== Data records ==
◆ ◆ ◆ ◆ ◆

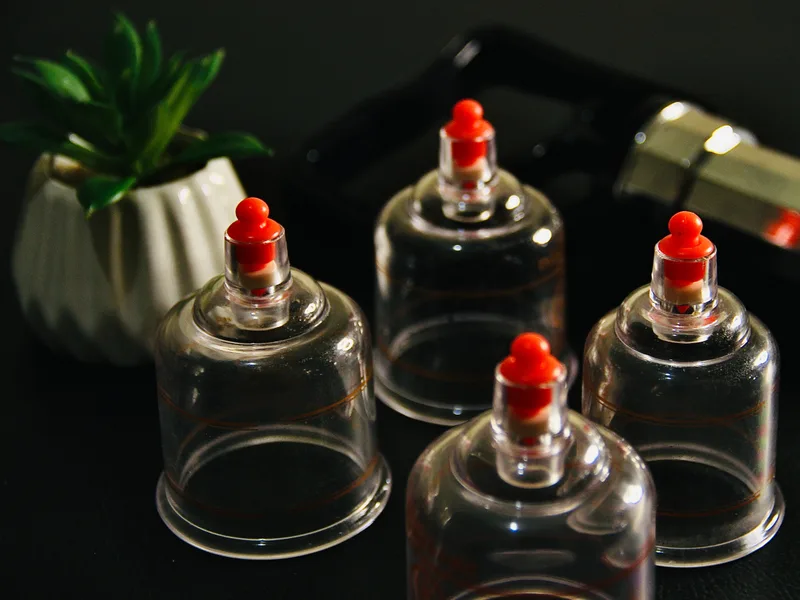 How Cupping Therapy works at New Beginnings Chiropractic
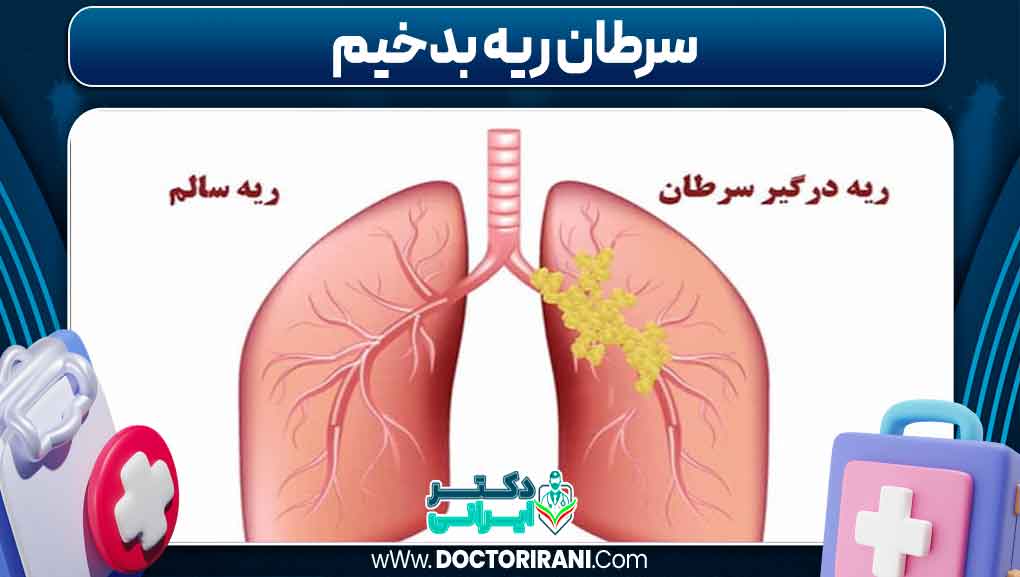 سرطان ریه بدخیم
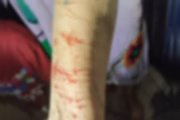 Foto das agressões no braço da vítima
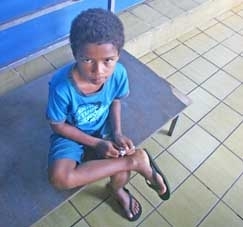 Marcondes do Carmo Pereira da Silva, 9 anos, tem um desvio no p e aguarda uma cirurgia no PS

◆ ◆ ◆ ◆ ◆

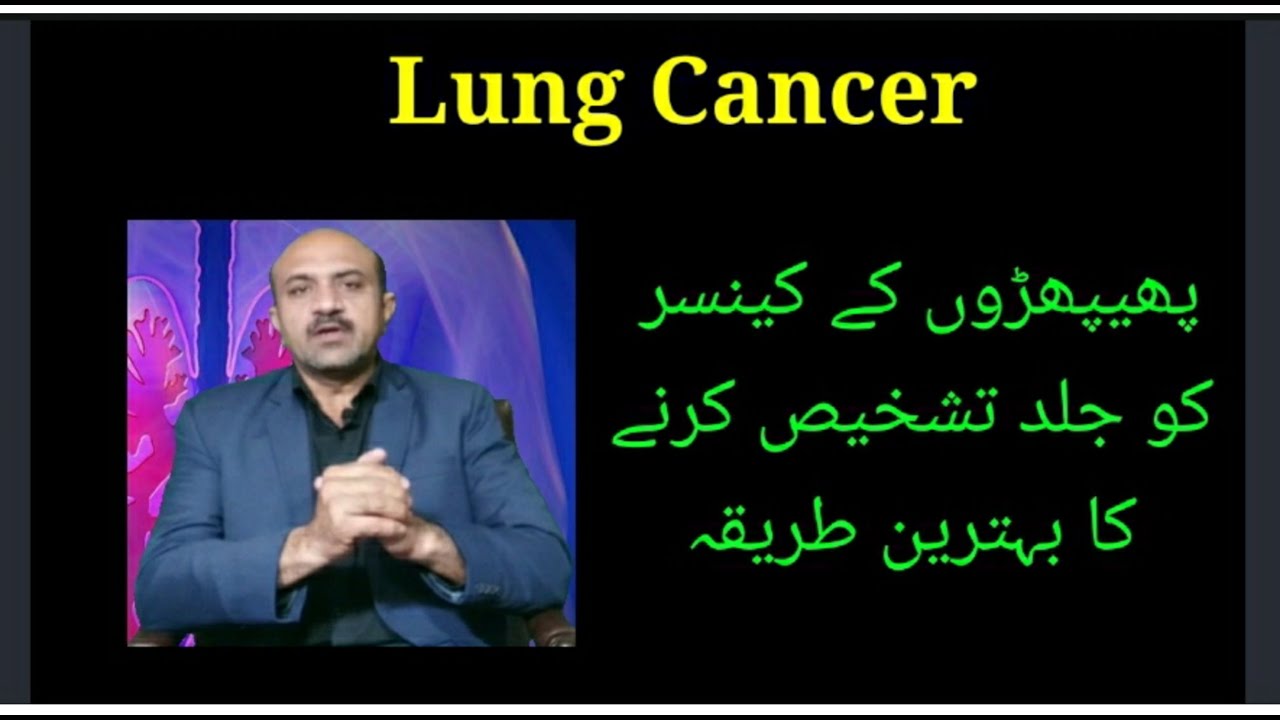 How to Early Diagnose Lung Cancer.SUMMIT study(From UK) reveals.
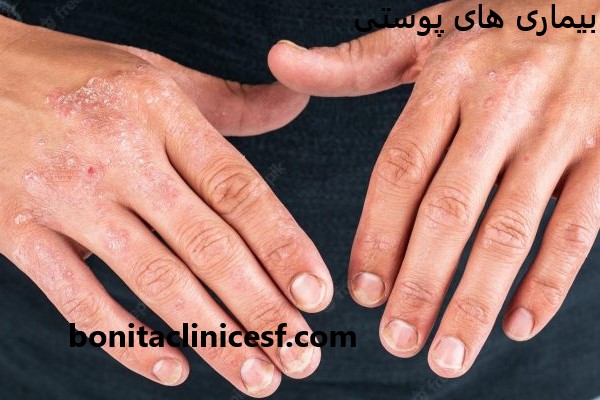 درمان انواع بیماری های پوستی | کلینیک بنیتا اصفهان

◆ ◆ ◆ ◆ ◆

Return, exactly as they stand, the lines above from the one with "How to Early" to the one with "درمان انواع بیماری", omitting any pictures among them.

 How to Early Diagnose Lung Cancer.SUMMIT study(From UK) reveals.
 درمان انواع بیماری های پوستی | کلینیک بنیتا اصفهان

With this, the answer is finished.